Quantum information technology
- Developing or producing quantum computers or critical components;
- Developing or producing quantum sensing platforms intended for military, intelligence, or mass-surveillance end uses; and
- Developing or producing quantum networks or quantum communication systems intended for scaling quantum computing, secure communications, or any application that has a military, intelligence, or mass-surveillance end use.
AI systems
- Developing AI systems designed exclusively for or intended to be used for military, government intelligence, or mass-surveillance end uses; and
- Developing AI systems trained using a quantity of computing power greater than 10^25 computational operations (e.g., integer or floating-point operations), or 10^24 computations in the case of systems trained using primarily biological sequence data (aggregating any models combined in a single system).
Treasury indicated that the computing power thresholds may be increased in a future rulemaking if necessitated by advances in AI systems.
Notifiable Activities
Semiconductors and microelectronics
- Designing any integrated circuit, other than prohibited integrated circuits;
- Fabricating any integrated circuit, other than prohibited integrated circuits; and
- Packaging any integrated circuit, other than prohibited packaging.
AI Systems
- Developing non-prohibited AI systems designed for any military, government intelligence, or mass-surveillance end use (i.e., AI systems that are not designed exclusively for such uses);
- Developing AI systems intended by the foreign person for cybersecurity, digital forensics, or penetration testing;
- Developing AI systems intended by the foreign person for controlling robotic systems; and
- Developing AI systems trained using more than 10^23 computational operations (e.g., integer or floating-point operations).

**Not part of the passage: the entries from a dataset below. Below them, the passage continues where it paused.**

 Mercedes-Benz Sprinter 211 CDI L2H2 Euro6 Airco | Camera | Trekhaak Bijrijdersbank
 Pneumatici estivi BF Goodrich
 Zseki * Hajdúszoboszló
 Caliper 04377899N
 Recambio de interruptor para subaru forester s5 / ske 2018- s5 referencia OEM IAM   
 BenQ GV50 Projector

Notifiable Transactions and Other Notifiable Activities
A US person undertaking a notifiable transaction, or a US person's controlled foreign entity undertaking a transaction that would be notifiable if engaged in by a US person, is required to file a notification with Treasury no later than 30 calendar days following the completion date of the notifiable transaction. The final rule sets forth the required procedures and contents for such notifications in detail.

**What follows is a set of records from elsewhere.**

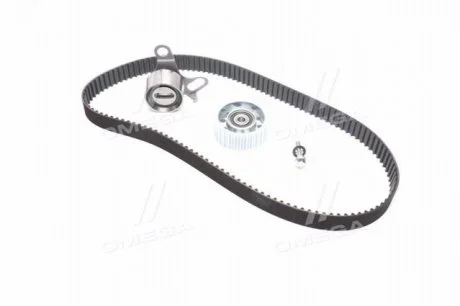 Ремкомплекты привода ГРМ автомобилей PowerGrip Kit (Пр-во Gates) GATES K015214XS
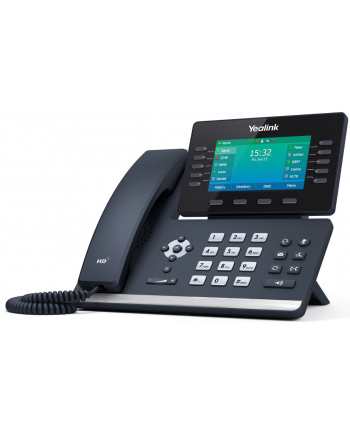 Yealink IP phone SIP-T54W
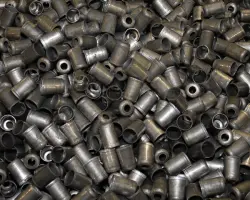 steel_ferrules_hopper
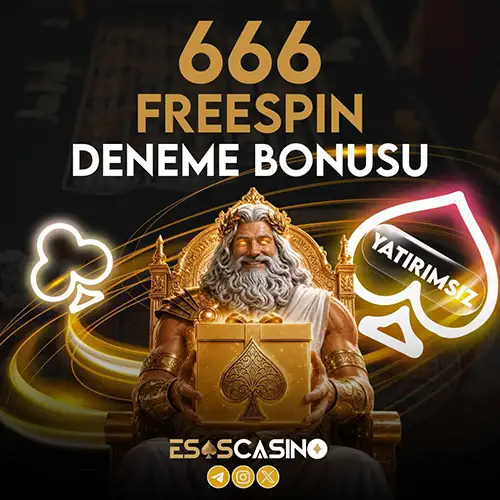 EsasCasino görsel 1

Notably, US persons are also required to provide notification to Treasury if they acquire actual knowledge after the completion of a transaction of a fact or circumstance that would have caused the transaction to be covered if the US person had possessed such knowledge at the time of the transaction. Notification is required within 30 calendar days of acquiring the actual knowledge and applies regardless of whether the transaction would have been notifiable or prohibited at the time it was consummated. To underscore the potential serious consequences, and penalties that could be imposed, Treasury has included a note indicating that it is not precluded from finding that as a factual matter the US person submitting a notification under this provision had relevant knowledge of the transaction's status at the time of the transaction.
The content of this article is intended to provide a general guide to the subject matter. Specialist advice should be sought about your specific circumstances.